▶ _Description of the task_:
Give back the full listing, character for character, with no pictures.

▶ _Available data_:
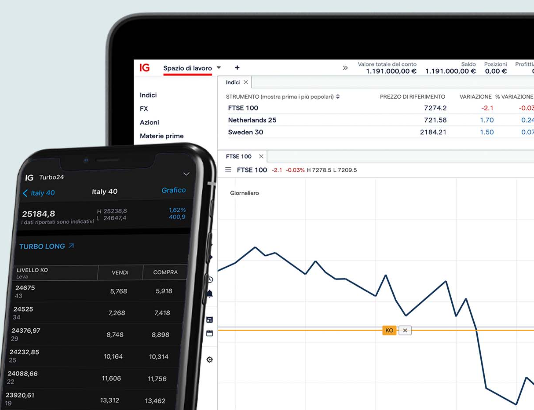 trading con i turbo certificates
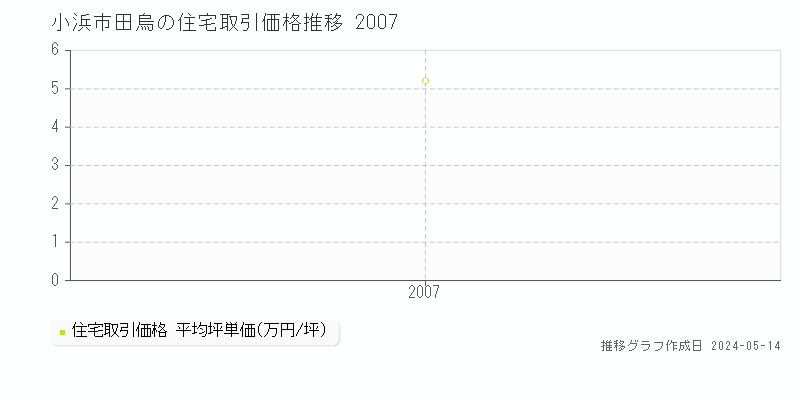 小浜市田烏の住宅取引価格推移グラフ 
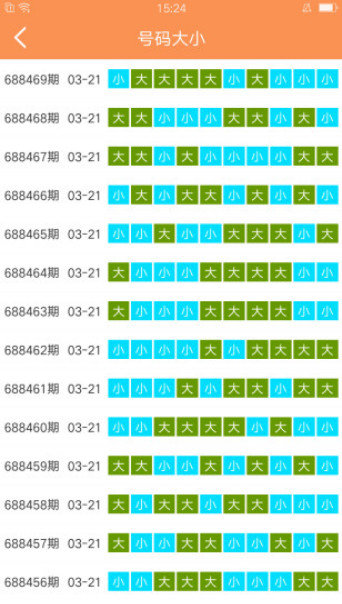 2024澳门天天开好彩大全凤凰天机,平衡性策略实施指导_vShop65.815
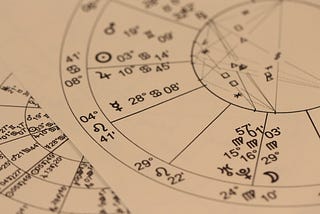Photo of an astrological natal chart.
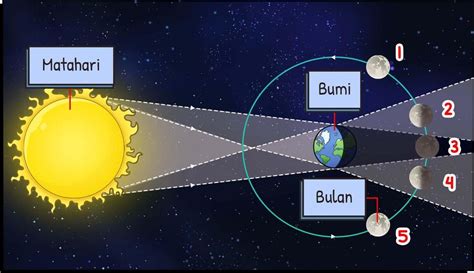 Perhatikan gambar berikut! Peristiwa ger...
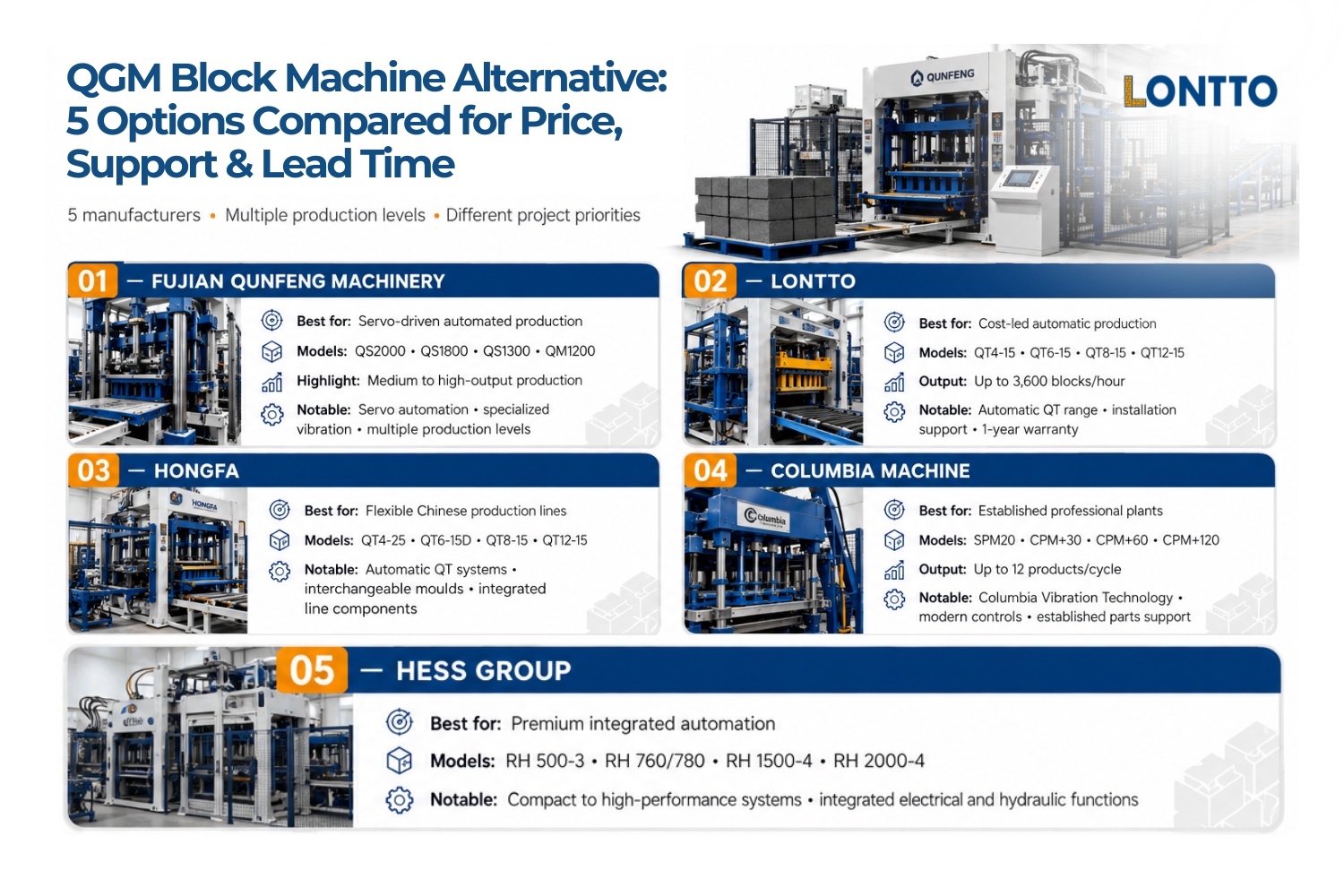 qgm block machine alternative 5 options compared for price, support & lead time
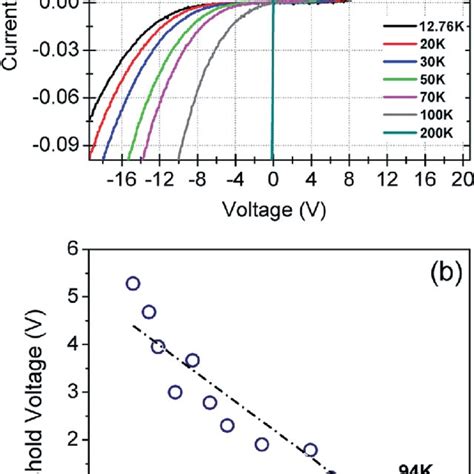 A Temperature Dependent I V Plots Of The Sensor In The Bias Range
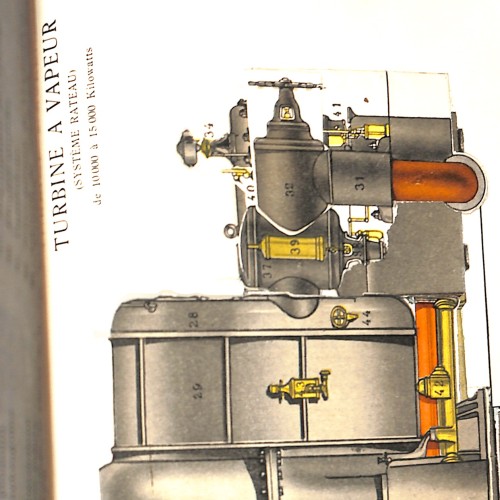 Tomo  II   Encyclopédie Pratique de Mécanique et d’Électricité.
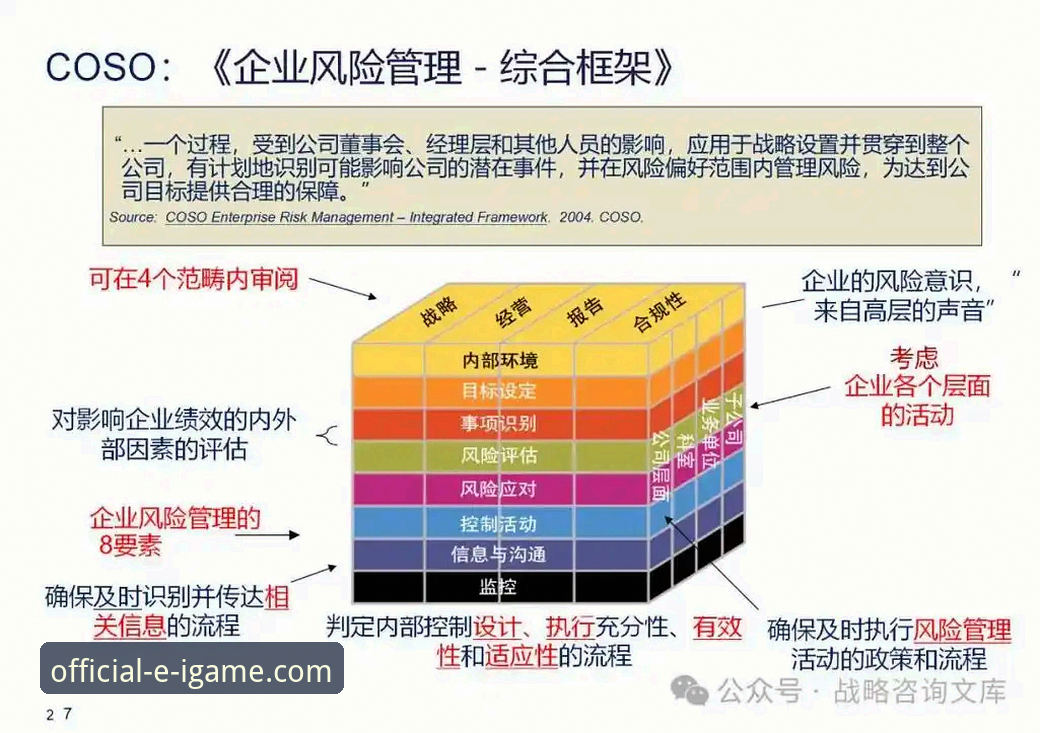 深度剖析：关于最新爱游戏IGAME安全吗的5个核心维度与用户必读指南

▶ _Problem solution_:
 trading con i turbo certificates
 小浜市田烏の住宅取引価格推移グラフ 
 2024澳门天天开好彩大全凤凰天机,平衡性策略实施指导_vShop65.815
Photo of an astrological natal chart.
 Perhatikan gambar berikut! Peristiwa ger...
 qgm block machine alternative 5 options compared for price, support & lead time
 A Temperature Dependent I V Plots Of The Sensor In The Bias Range
 Tomo  II   Encyclopédie Pratique de Mécanique et d’Électricité.
 深度剖析：关于最新爱游戏IGAME安全吗的5个核心维度与用户必读指南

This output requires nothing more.